Note to Self: Using Tesseract to Extract Subtitles

Mon 13 November 2017, by Seppe "Macuyiko" vanden Broucke

Say you have video such as this one on Facebook. Most of these come with hardcoded subtitles, which we’d like to extract (for whatever reason).

Opening the page in Chrome and inspecting the network requests quickly uncovers the media URL:

https://video-bru2-1.xx.fbcdn.net/v/t42.9040-2/10000000_703970666457205_4416008794480312320_n.mp4?efg=eyJ2ZW5jb2RlX3RhZyI6ImRhc2hfdjNfMTI4MF9jcmZfMjNfaGlnaF8zLjFfZnJhZ18yX3ZpZGVvIn0%3D&oh=40bbd0e0dd5367ed3a2d5ff0e7cbe081&oe=5A09D778&bytestart=0&byteend=953

By cutting off &bytestart=0&byteend=953, we can download the video file completely.

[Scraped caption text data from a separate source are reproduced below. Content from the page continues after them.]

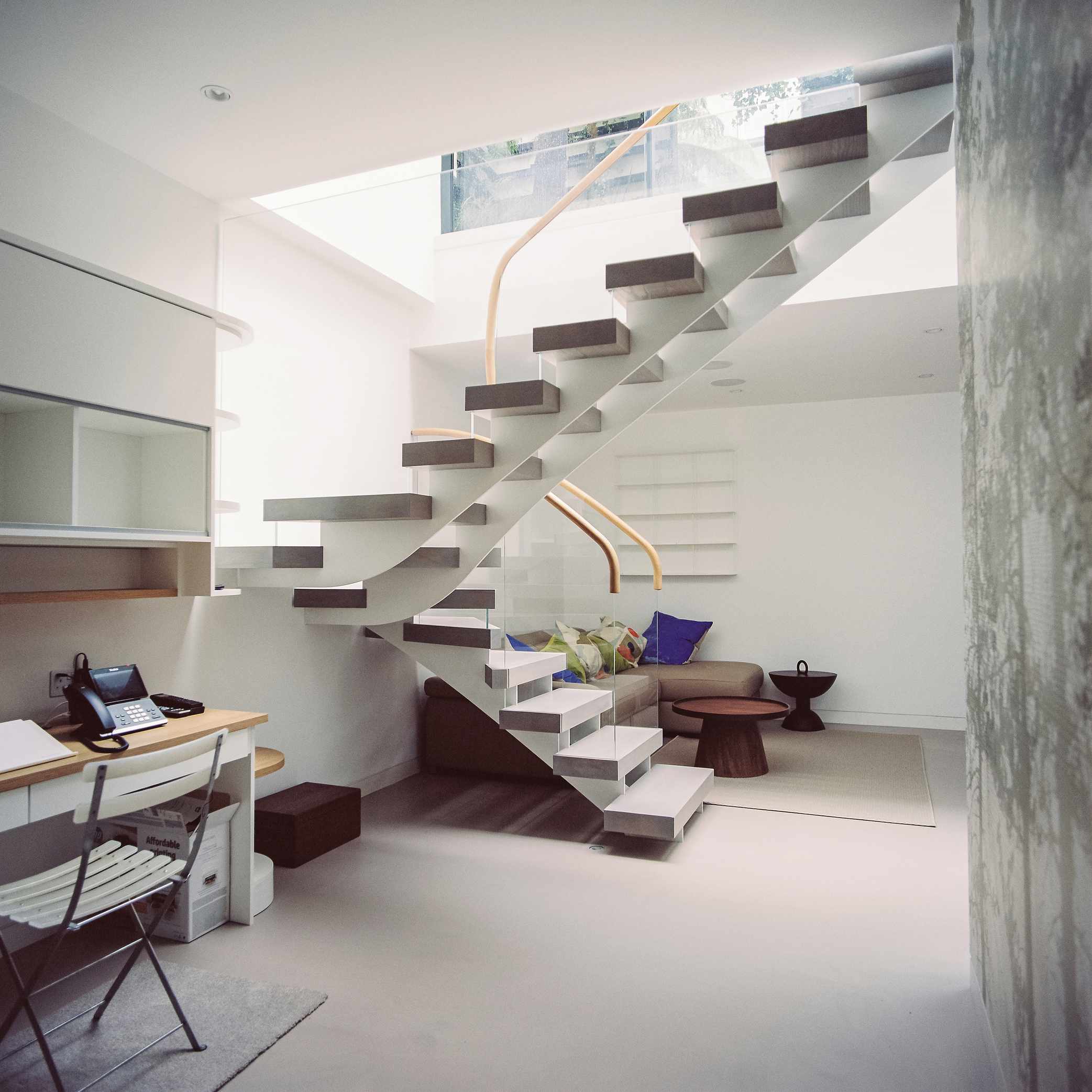 Open tread staircase with glass balustrade leading to basement with neutral decor with seating area and desk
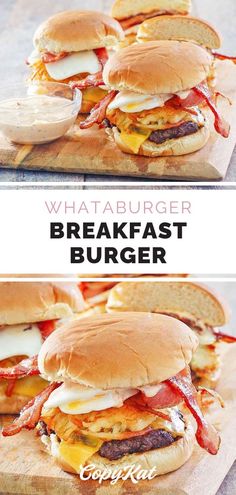 breakfast burgers with bacon, cheese and eggs on wooden cutting board in front of white background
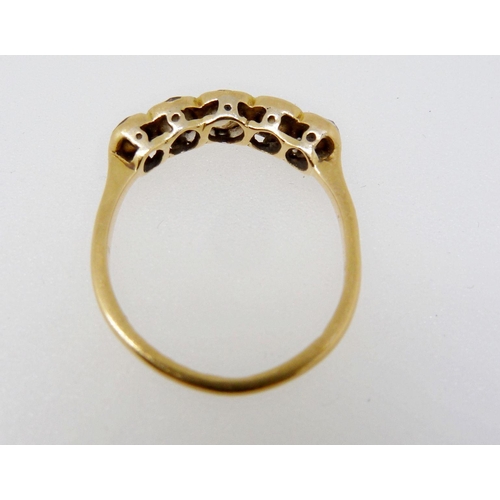 348 - An Edwardian 18 carat gold ring set five diamonds, size J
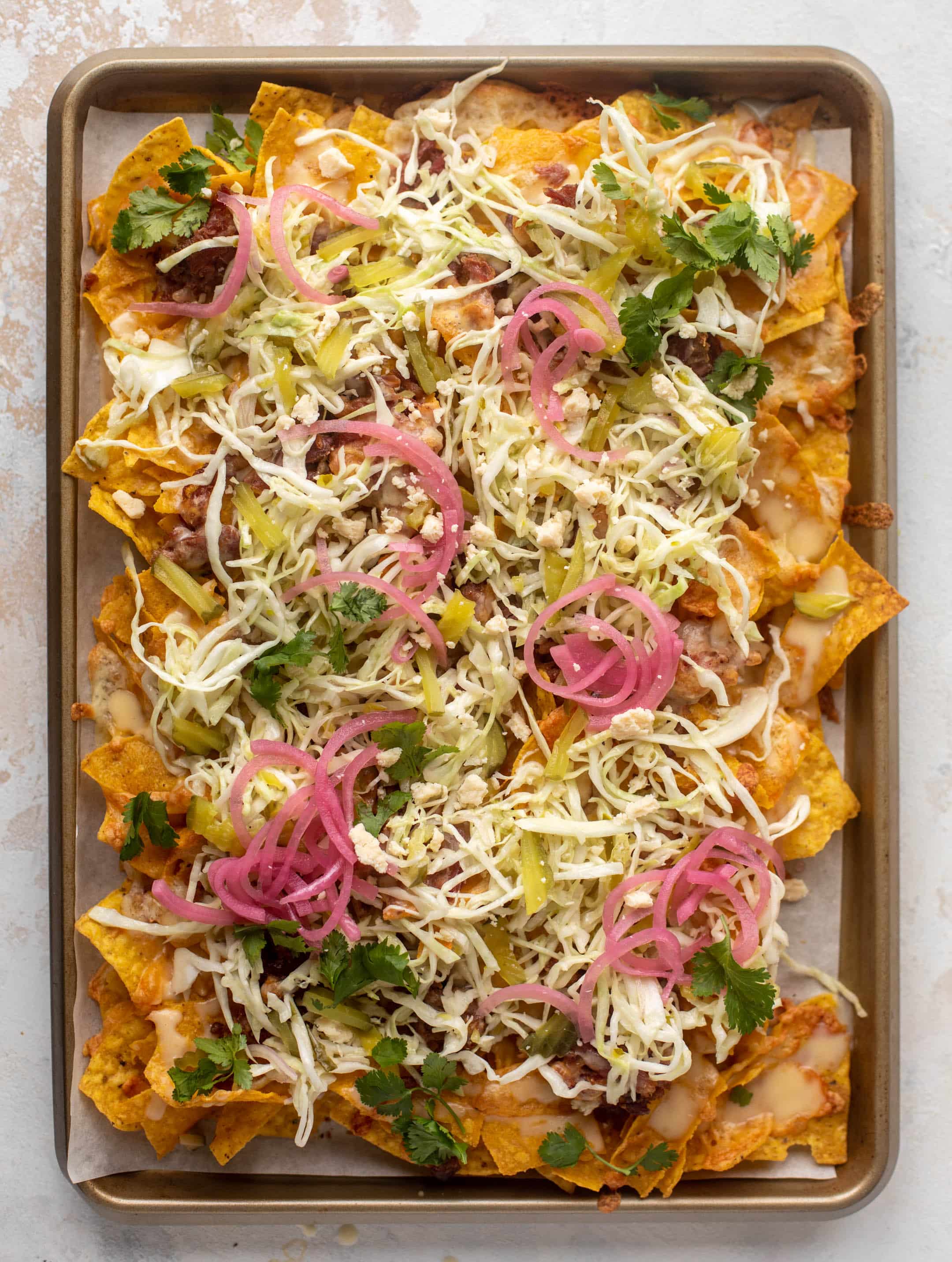 pulled pork nachos with pickle slaw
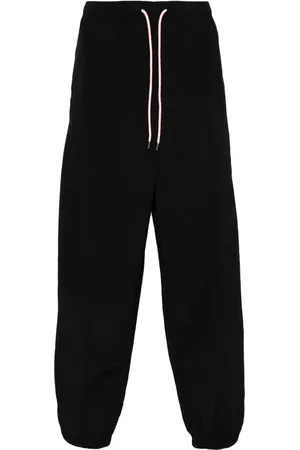 MARCELO BURLON Pants con motivo de cruz
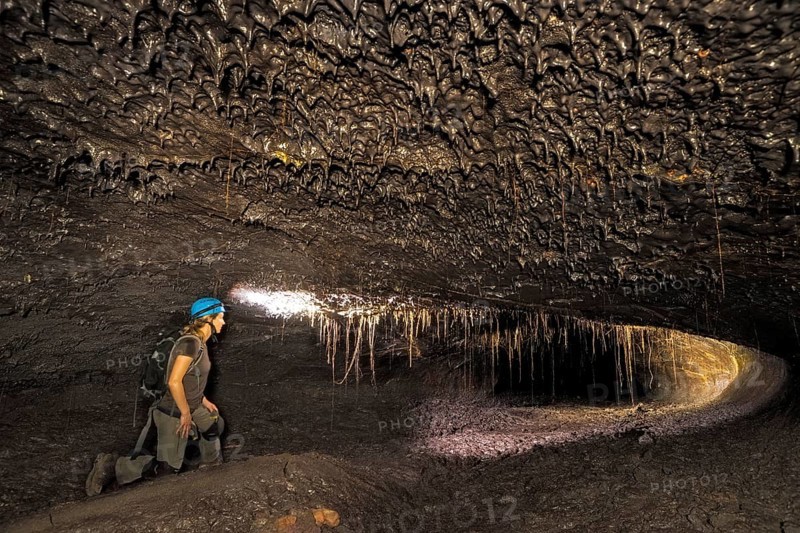 Tourist in a subterranean lava tube created by an eruption of the Piton de la Fournaise volcano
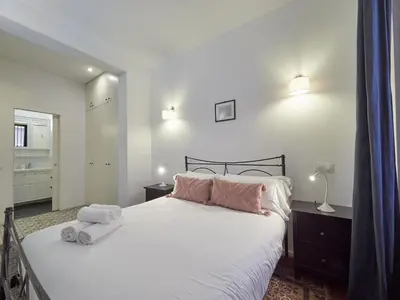 a bedroom with a white bed with two towels on it at BarcelonaForRent Alessandra Ramblas in Barcelona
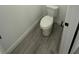 Close-up of toilet in bathroom featuring wood-look floors and neutral color scheme at 4863 Sw 159Th Ln Rd, Ocala, FL 34473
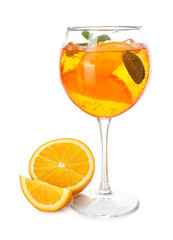 Glass of refreshing spritzer cocktail with mint and orange slices isolated on white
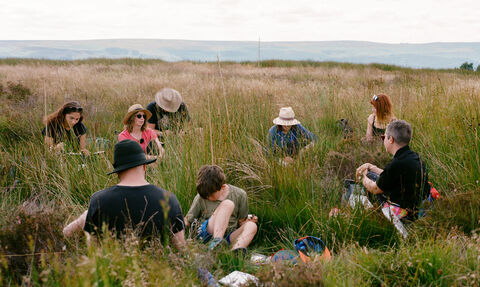 A group people sitting on a peatland, sketching the landscape around them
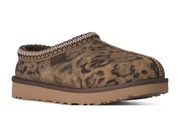 A single slip-on clog shoe with a brown and black leopard print upper, a braided trim around the collar, and a thick tan sole, shown against a plain white background.
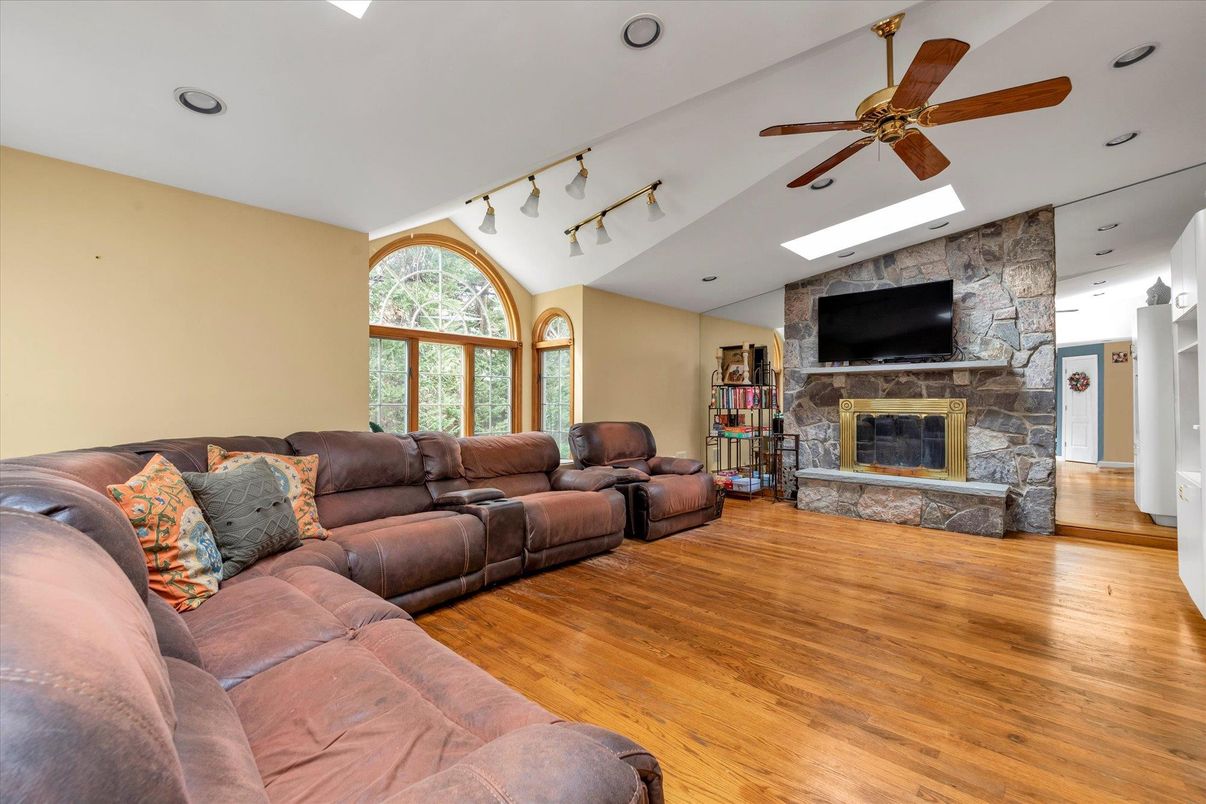 Fireplace, Interior, Living room, Recessed Lighting, Stone Walls, Wood Texture Flooring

Next, we can use ffmpeg to create frames every half second:

./ffmpeg -i .\23354483_145400712877976_2778300398300037120_n.mp4 -r 2 .\frames\image-%07d_original.png

And apply some cropping using Python:

from PIL import Image
from glob import glob

for png_file in glob('./frames/*_original.png'):
    image = Image.open(png_file)
    cropped = image.crop((50, 850, 1080, 1080))
    cropped.save(png_file.replace('.png', '_cropped.png'))

As well as some leveling to only retain white and yellow text:

from PIL import Image
from glob import glob

def level(img):
    copy = img.copy()
    for x in range(img.size[0]):
        for y in range(img.size[1]):
            pxl = list(copy.getpixel((x, y)))
            if pxl[0] < 220 and pxl[1] < 220: 
                pxl[0] = 0
                pxl[1] = 0
                pxl[2] = 0
            else:
                pxl[0] = 255
                pxl[1] = 255
                pxl[2] = 255
            copy.putpixel((x, y), tuple(pxl))
    return copy

for png_file in glob('./frames/*_cropped.png'):
    image = Image.open(png_file)
    leveled = level(image)
    leveled.save(png_file.replace('_cropped.png', '_leveled.png'))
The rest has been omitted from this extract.